Why Hamiltonian and L^2 Don't Commute in Linear Molecules

[filippo]

Lambda is the quantum number for the total orbital angular momentum of the
electrons about the internuclear axis. Unlike in atoms, the cylindrical
symmetry created by the strong electric field of the nuclei in a linear
molecule destroys the relationship [H ,L^2] = 0.

Can anyone tell me why the hamiltonian and L^2 don't commute anymore?

 

[tim_lou]

Moving to spherical coordinates, any Hamiltonian can be written as
$$H=-\frac{\hbar^2 p^2_r}{2m}+\frac{L^2}{2mr^2}+V(r, \theta, \phi)$$

p^2_r depends only on r. The L^2 terms contain derivatives in θ and φ. So, if V is a function of θ and φ, [L^2, V] will involve derivatives with respect to θ and φ. You can solve the differential equation [L^2, V]=0, and find that V can only depend on r.

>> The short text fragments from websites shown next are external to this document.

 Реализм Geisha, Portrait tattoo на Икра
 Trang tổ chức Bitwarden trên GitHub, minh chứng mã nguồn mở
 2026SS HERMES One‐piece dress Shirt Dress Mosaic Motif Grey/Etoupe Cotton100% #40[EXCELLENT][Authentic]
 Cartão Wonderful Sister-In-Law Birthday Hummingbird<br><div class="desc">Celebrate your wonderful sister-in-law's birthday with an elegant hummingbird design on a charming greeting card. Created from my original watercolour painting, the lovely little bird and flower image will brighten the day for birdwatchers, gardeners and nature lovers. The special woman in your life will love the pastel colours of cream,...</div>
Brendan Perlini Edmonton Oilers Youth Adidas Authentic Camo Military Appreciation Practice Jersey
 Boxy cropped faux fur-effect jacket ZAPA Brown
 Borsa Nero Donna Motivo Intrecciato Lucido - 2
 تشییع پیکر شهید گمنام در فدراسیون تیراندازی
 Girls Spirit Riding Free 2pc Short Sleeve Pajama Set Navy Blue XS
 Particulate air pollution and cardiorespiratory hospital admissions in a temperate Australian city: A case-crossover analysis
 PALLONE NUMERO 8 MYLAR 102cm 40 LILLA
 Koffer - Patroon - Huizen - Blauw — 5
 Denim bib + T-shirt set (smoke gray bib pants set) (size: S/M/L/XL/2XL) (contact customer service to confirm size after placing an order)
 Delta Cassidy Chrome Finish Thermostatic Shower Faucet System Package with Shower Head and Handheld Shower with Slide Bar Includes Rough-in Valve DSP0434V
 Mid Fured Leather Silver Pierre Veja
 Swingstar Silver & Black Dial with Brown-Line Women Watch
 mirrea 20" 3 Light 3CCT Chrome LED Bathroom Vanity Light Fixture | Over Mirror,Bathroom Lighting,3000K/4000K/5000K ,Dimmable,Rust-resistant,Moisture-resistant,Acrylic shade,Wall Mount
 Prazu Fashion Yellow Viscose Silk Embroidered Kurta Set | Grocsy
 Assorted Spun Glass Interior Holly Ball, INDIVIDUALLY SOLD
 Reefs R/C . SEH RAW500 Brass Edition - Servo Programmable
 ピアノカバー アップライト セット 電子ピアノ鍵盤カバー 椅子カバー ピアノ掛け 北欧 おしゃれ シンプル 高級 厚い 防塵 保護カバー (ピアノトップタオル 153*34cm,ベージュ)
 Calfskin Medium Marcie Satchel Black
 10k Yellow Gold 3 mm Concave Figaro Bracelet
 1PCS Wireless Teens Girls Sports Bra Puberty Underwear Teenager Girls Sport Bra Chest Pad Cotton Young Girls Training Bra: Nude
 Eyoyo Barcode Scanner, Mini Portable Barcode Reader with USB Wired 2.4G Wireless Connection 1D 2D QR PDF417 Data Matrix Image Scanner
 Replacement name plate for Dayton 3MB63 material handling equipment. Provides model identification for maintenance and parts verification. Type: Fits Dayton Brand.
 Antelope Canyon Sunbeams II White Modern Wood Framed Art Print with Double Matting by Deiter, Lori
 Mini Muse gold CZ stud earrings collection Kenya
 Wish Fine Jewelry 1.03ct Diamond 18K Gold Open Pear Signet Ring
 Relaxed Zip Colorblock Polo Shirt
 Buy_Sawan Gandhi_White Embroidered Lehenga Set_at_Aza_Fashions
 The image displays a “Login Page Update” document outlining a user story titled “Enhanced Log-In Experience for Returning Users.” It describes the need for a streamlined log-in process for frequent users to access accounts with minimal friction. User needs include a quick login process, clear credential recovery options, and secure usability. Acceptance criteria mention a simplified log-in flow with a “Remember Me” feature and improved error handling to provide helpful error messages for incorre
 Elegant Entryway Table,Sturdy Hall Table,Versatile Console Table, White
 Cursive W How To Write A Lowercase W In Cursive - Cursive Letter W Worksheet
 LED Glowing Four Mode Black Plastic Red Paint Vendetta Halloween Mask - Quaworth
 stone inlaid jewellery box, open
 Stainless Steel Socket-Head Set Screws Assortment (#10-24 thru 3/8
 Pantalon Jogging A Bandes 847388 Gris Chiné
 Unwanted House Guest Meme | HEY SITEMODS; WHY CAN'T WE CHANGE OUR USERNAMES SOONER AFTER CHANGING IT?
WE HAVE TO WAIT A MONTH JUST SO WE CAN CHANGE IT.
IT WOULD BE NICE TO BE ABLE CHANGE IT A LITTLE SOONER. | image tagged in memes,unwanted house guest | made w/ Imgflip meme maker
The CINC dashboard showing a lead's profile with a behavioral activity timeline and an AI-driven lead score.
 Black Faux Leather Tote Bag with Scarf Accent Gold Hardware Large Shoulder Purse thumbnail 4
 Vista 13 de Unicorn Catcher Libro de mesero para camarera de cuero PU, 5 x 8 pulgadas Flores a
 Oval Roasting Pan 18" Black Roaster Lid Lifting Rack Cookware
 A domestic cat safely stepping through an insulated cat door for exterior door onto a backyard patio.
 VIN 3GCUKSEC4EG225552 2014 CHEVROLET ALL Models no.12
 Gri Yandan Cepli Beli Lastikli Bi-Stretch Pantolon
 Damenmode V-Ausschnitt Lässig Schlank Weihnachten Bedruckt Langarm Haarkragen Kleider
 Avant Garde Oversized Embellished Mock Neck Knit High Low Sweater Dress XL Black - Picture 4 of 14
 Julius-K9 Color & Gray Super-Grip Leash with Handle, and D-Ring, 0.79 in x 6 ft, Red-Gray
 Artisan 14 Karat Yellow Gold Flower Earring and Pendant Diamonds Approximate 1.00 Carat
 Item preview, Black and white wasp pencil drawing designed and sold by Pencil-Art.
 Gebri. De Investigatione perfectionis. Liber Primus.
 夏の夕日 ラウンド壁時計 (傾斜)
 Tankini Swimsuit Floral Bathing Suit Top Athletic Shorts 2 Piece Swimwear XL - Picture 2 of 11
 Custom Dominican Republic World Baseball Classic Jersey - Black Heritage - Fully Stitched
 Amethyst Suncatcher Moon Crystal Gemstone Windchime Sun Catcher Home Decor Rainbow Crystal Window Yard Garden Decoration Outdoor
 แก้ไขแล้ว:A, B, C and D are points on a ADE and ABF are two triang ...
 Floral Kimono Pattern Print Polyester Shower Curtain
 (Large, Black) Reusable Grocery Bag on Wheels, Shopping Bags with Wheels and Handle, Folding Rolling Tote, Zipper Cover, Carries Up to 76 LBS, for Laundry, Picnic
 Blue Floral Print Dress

So if there isn't spherical symmetry, H won't commute with L^2.

 

[Entropia]

The reason for the lack of commutativity between the Hamiltonian and L^2 in linear molecules is due to the loss of cylindrical symmetry. In atoms, the cylindrical symmetry created by the nuclei's electric field allows for the conservation of the total orbital angular momentum of the electrons, represented by the quantum number lambda. However, in linear molecules, this symmetry is destroyed by the strong electric field of the nuclei along the internuclear axis. As a result, the total orbital angular momentum is no longer conserved, and the operators for the Hamiltonian and L^2 no longer commute. This means that the two quantities cannot be measured simultaneously with certainty, and there is some uncertainty in their values. This break in commutativity is a consequence of the loss of cylindrical symmetry in linear molecules and is an important factor to consider in studying their quantum properties.